* **Instructions for the task**
For this exercise, transcribe every line of the material exactly and skip the pictures.

* **Records shown**
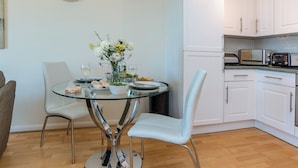 A dining table with chairs, a vase with flowers, and a bottle of wine. - Comfort and luxury in a sea front location with panoramic sea views. (Paignton)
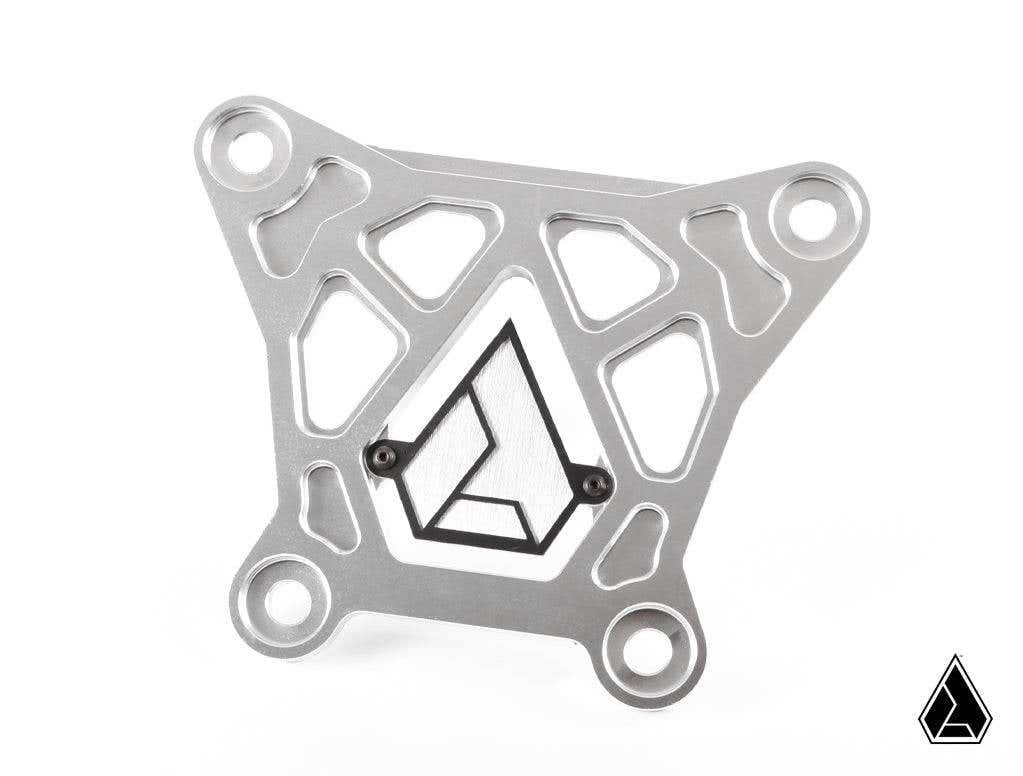 The Assault Industries Billet Radius Rod Reinforcement Plate (Fits: Turbo S) is a silver, geometric metal bracket with four rounded mounting holes, detailed cutouts, and a black and silver angular logo centered on a clean white background. The logo repeat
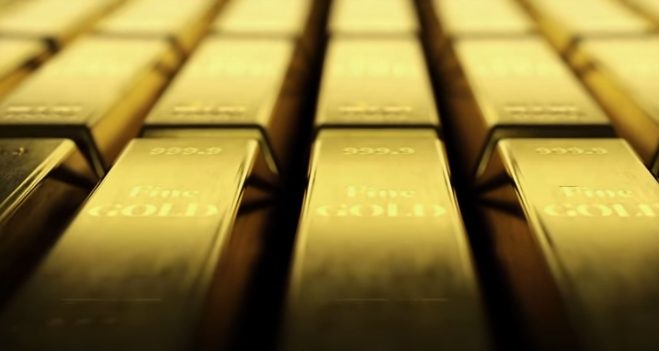 Goldbarren liegen in einer geordneten Reihe.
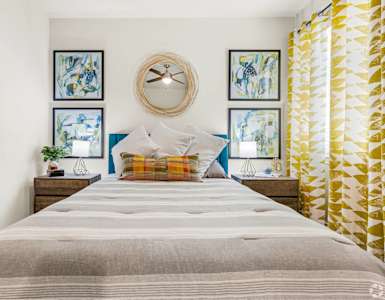 A bed with a striped comforter and a blue pillow is in the center of the image.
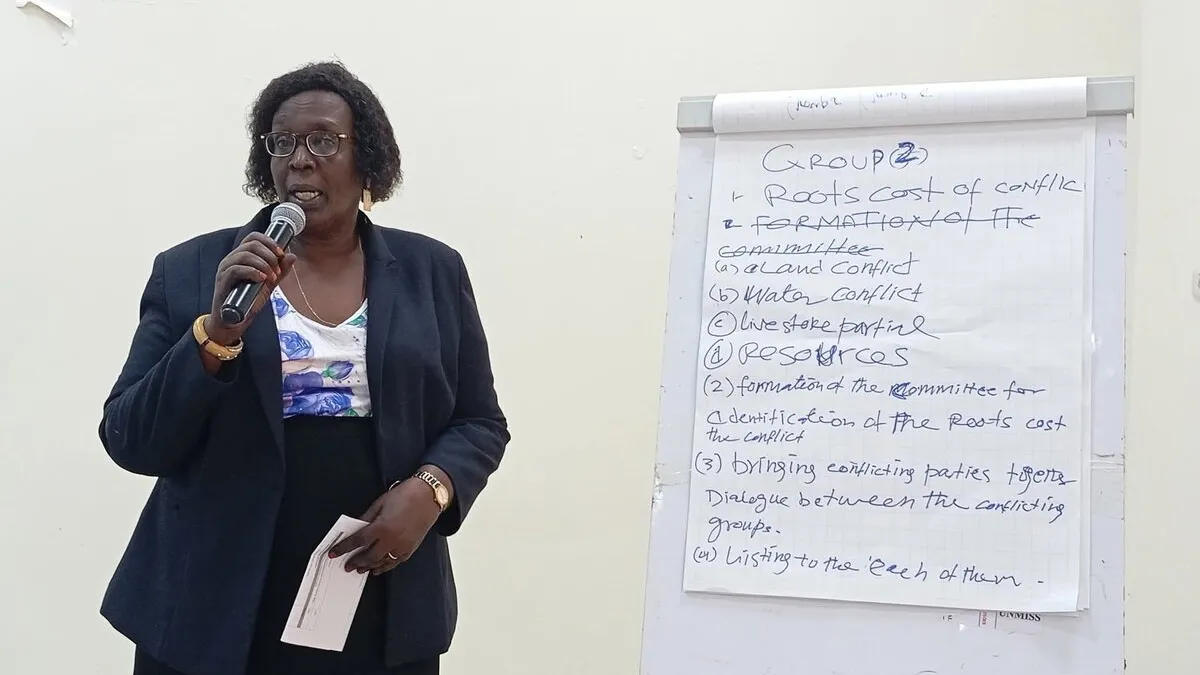 Person holding a microphone and standing beside a flip chart with handwritten notes on conflict causes and committee formation.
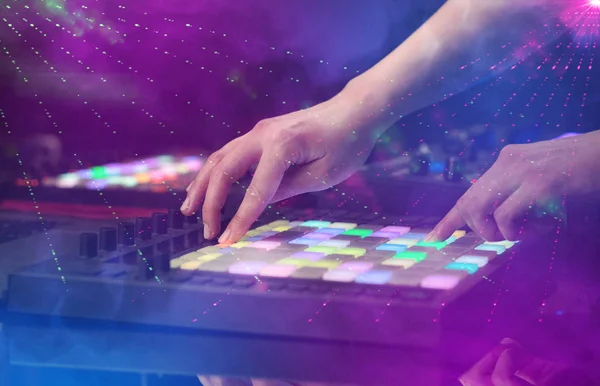 Mezcla de música a mano en el controlador dj con colores del club de fiesta alrededor — Foto de Stock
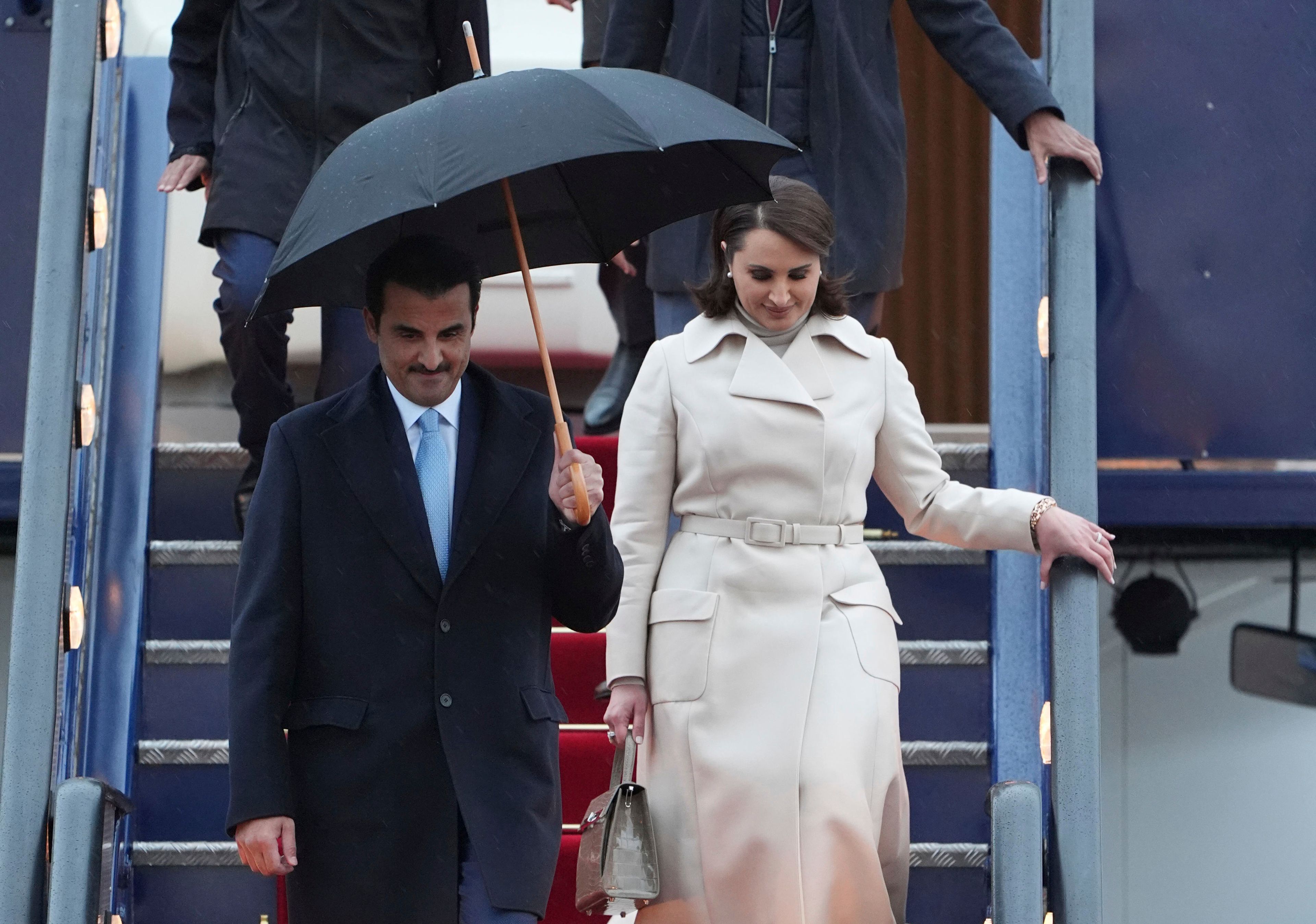 Emir of Qatar Sheikh Tamim bin Hamad bin Khalifa Al Thani, front left, and Sheikha Hind bint Hamad bin Khalifa al-Thani, front right, arrive at Stansted Airport in Essex, England, Monday Dec. 2, 2024, for a state visit hosted by King Charles III. ( Joe Giddens/PA via AP)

* **Result for this task**
 A dining table with chairs, a vase with flowers, and a bottle of wine. - Comfort and luxury in a sea front location with panoramic sea views. (Paignton)
 The Assault Industries Billet Radius Rod Reinforcement Plate (Fits: Turbo S) is a silver, geometric metal bracket with four rounded mounting holes, detailed cutouts, and a black and silver angular logo centered on a clean white background. The logo repeat
 Goldbarren liegen in einer geordneten Reihe.
 A bed with a striped comforter and a blue pillow is in the center of the image.
 Person holding a microphone and standing beside a flip chart with handwritten notes on conflict causes and committee formation.
 Mezcla de música a mano en el controlador dj con colores del club de fiesta alrededor — Foto de Stock
 Emir of Qatar Sheikh Tamim bin Hamad bin Khalifa Al Thani, front left, and Sheikha Hind bint Hamad bin Khalifa al-Thani, front right, arrive at Stansted Airport in Essex, England, Monday Dec. 2, 2024, for a state visit hosted by King Charles III. ( Joe Giddens/PA via AP)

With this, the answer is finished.